The role of the gut microbiome in sustainable teleost aquaculture

Abstract

As the most diverse vertebrate group and a major component of a growing global aquaculture industry, teleosts continue to attract significant scientific attention. The growth in global aquaculture, driven by declines in wild stocks, has provided additional empirical demand, and thus opportunities, to explore teleost diversity. Among key developments is the recent growth in microbiome exploration, facilitated by advances in high-throughput sequencing technologies. Here, we consider studies on teleost gut microbiomes in the context of sustainable aquaculture, which we have discussed in four themes: diet, immunity, artificial selection and closed-loop systems. We demonstrate the influence aquaculture has had on gut microbiome research, while also providing a road map for the main deterministic forces that influence the gut microbiome, with topical applications to aquaculture.

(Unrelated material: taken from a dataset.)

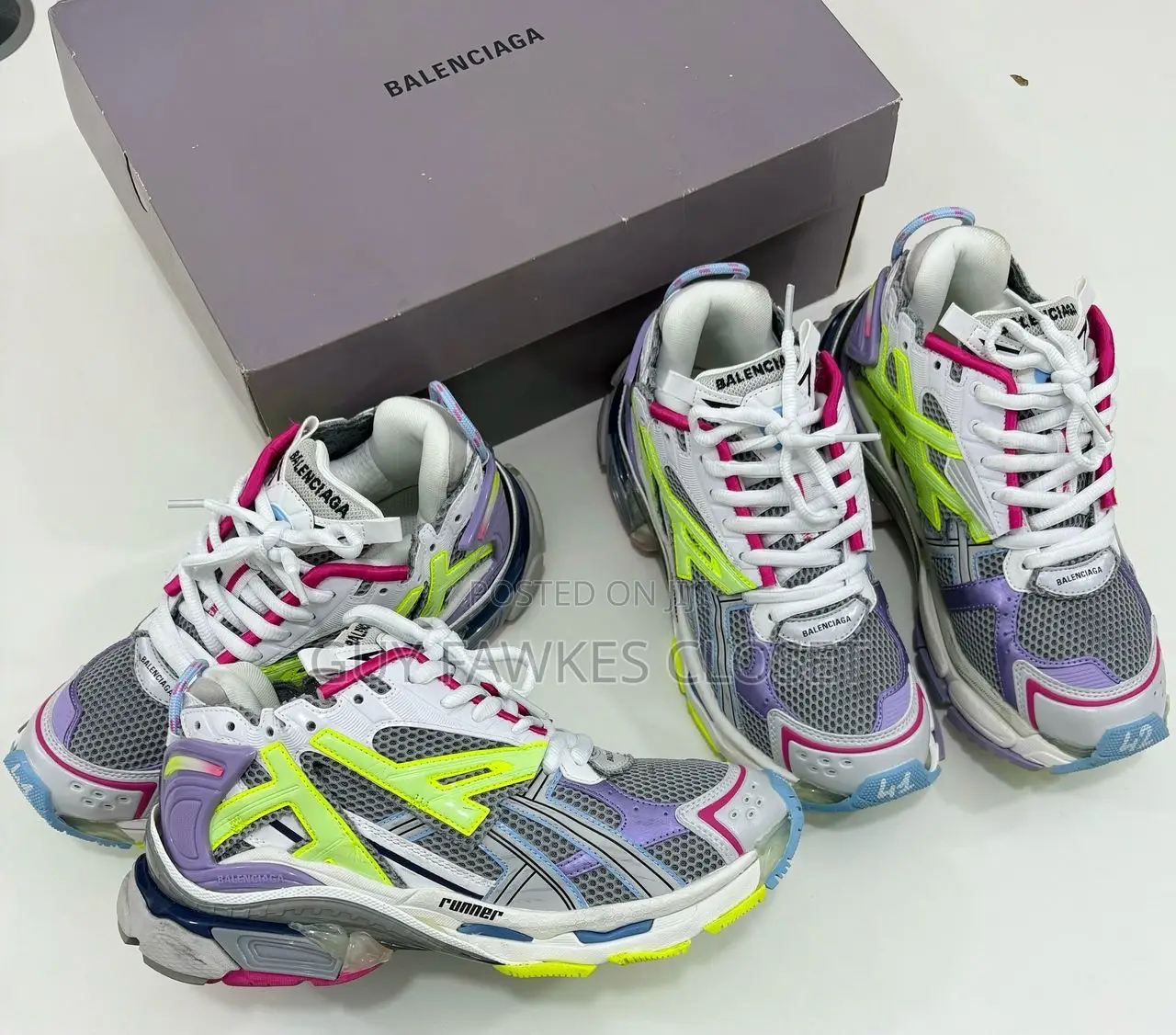 Balenciaga Runner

Functional significance is considered within an aquaculture context with reference to impacts on nutrition and immunity. Finally, we identify key knowledge gaps, both methodological and conceptual, and propose promising applications of gut microbiome manipulation to aquaculture, and future priorities in microbiome research. These include insect-based feeds, vaccination, mechanism of pro- and prebiotics, artificial selection on the hologenome, in-water bacteriophages in recirculating aquaculture systems (RAS), physiochemical properties of water and dysbiosis as a biomarker.

Keywords: aquaculture; fish; gut; microbiome; review; teleost.

Figure 1.

(a) Number of studies on the gut microbiome using NGS broken down by the genus of fish that the study was conducted on, as well as the environment those fish same from. Asterisk represents salmonid, carp and talapia. (b) The number of studies that assessed the water microbial communities. Gut microbiome studies were compiled using Web of Science [4] and only include studies that implemented NGS. It is acknowledged that total microbiome research extends further than this. Further information on search terms and filtering can be found in the electronic supplementary material. (Online version in colour.)

Figure 2.

Growth in the studies using NGS on fish gut microbiomes, including food aquaculture species (aquaculture status taken from FishBase [12]). Further information on search terms and filtering can be found in the electronic supplementary material. (Online version in colour.)

Figure 3.

(a) Schematic view of the deterministic processes that influence gut microbial communities in fish. Community assemblage of bacteria in the gut starts with inputs from the environment (green), such as the bacteria within the water column, or in solid particulates of biofilm, sediment and feed. Once ingested, these bacteria are influenced by interacting deterministic processes (brown) such as the host's abiotic gut environment, interaction with the hosts' physiology through the gut lining and its secretions, as well as interactions between other microbiomes. The outcome (red) is final community assembly, which can be characterized using an array of cutting-edge molecular techniques (purple). A subset of the boarder interactions is provided, with focus on (b) microbe–environment–host interactions, (c) host gut physiology and (d) behaviour. (Online version in colour.)

Figure 4.

Schematic diagram of (a) feed inputs (green), (b) water processing (both RAS and BFT) (blue) and the (c) species being cultivated, along with its gut microbiome (red). (Online version in colour.)

Figure 5.

Methodological approaches used in high-throughput sequencing of fish gut microbiomes, broken down by the type of sequencing platform and genetic marker. Marker types are predominantly variable regions (V) within the 16S ribosomal RNA gene. Further information on search terms and filtering can be found in the electronic supplementary material. (Online version in colour.)